We unavoidably view the world through the filter of our humanity. We notice life and read life through that filter, as our cave-dwelling forefathers did and as our descendants will do. We cannot be other than ourselves. But we can push how that anthropocentric thinking works, and what kind of anthropomorphic forms we expect to see. This is perhaps the key drive of visual tension in Tim Flach’s new book, More Than Human, from which these images are drawn. Just how close to human are these creatures, we are tempted to ask. Whereas perhaps we should ask: Just how distorting is our vision when it comes to recognizing and respecting any other species? The answer is that we can never know another life, only our own.

See this article's accompanying photo gallery

We struggle to interpret our fellow humans, and there is a chasm to understanding other species. Flach’s mode of portraiture brings this into stark relief. These images play with our expectations: They are both familiar and strange, some nearer the one extreme and some the other. A key aspect of the surface impact of these photographs is that they often surprise us with a super-real detail that we could never see with the naked eye, revealing nature in a way that is not, has perhaps never been, visible to human sight.

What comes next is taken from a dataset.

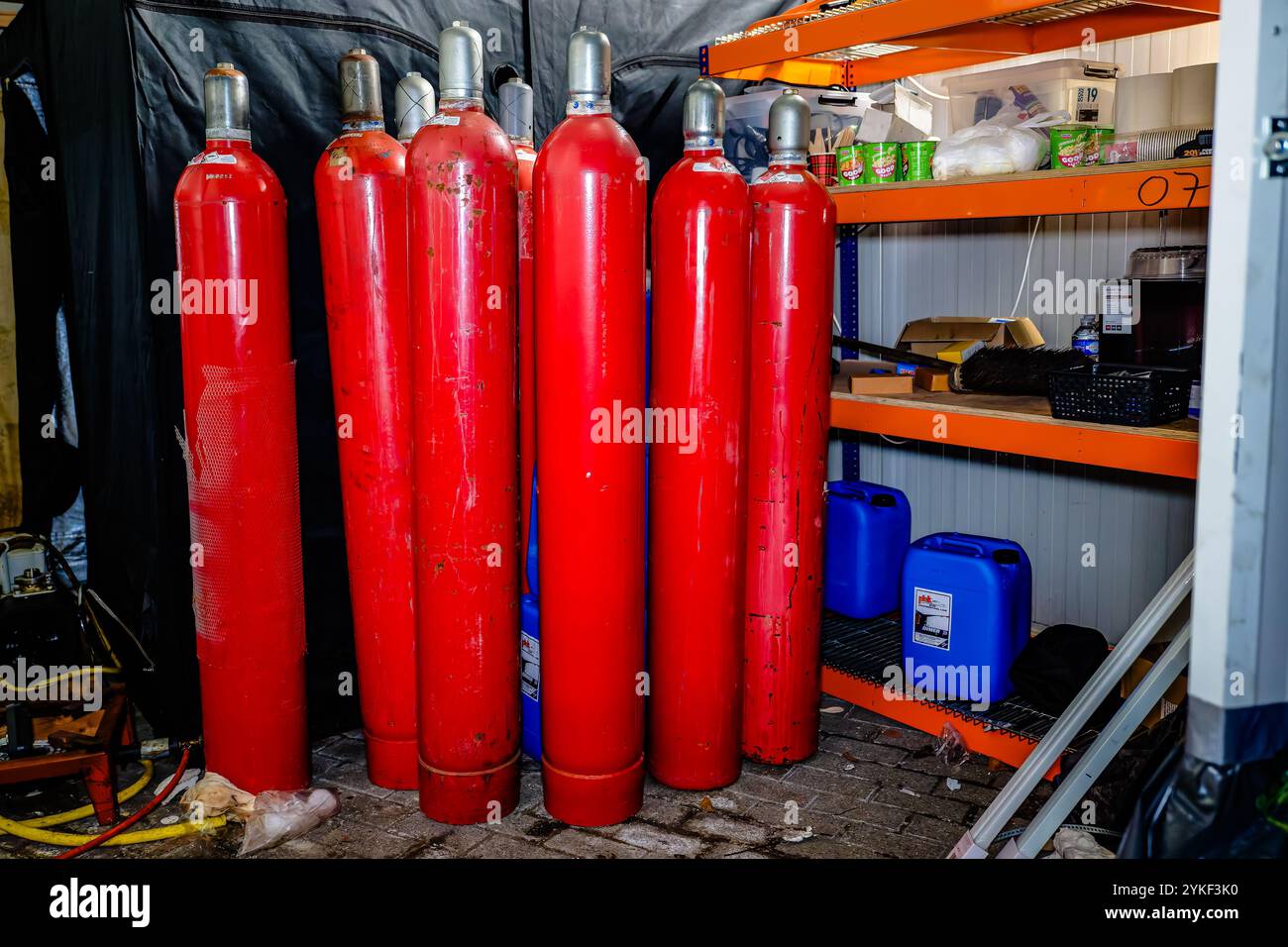 KAATSHEUUVEL, Niederlande, 15-11-2024, Polizei hat ein Drogenlabor in den Räumlichkeiten einer Wassersportfirma an der Jan de Rooijstraat in Kaatsheuvel entdeckt. ANP / Hollandse Hoogte / Eye4images niederlande raus - belgien raus Stockfoto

The real becomes less real than the image. Flach’s pictures have an impact that is more precisely lit, more detailed in observation, more vivid, than our poor eyes normally encounter. Images that challenge and change our perceptions invite us to inquire further, as well as to re-sort and reshuffle our mental files.

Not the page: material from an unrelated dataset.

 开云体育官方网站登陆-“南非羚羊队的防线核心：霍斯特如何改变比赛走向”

Time and again, More Than Human invites us to connect—we see eye contact here, a sensitive gesture there, even a kiss—and yet leaves us unable to quite bridge the void. Flach brings us closer than we may ever have been but only to show us that there is an impossible gulf that we can’t cross. There is a wonder and a sense of sadness about our position. We celebrate these other species and at the same time we may feel the burden of our own inadequacies. Every day we hear that, from global warming to rainforest loss, we are the cause of, and need to take responsibility for, planet-changing activities.

The key to looking, whether at these images or their original subjects, would seem to be to never stop questioning what we see. Any wonder we feel is a tease as much as a truth. If there is one thing we can learn, it is that what we see is not how things really are at all. Our selves are just getting in the way, stopping us from understanding that there is so much more than human out there.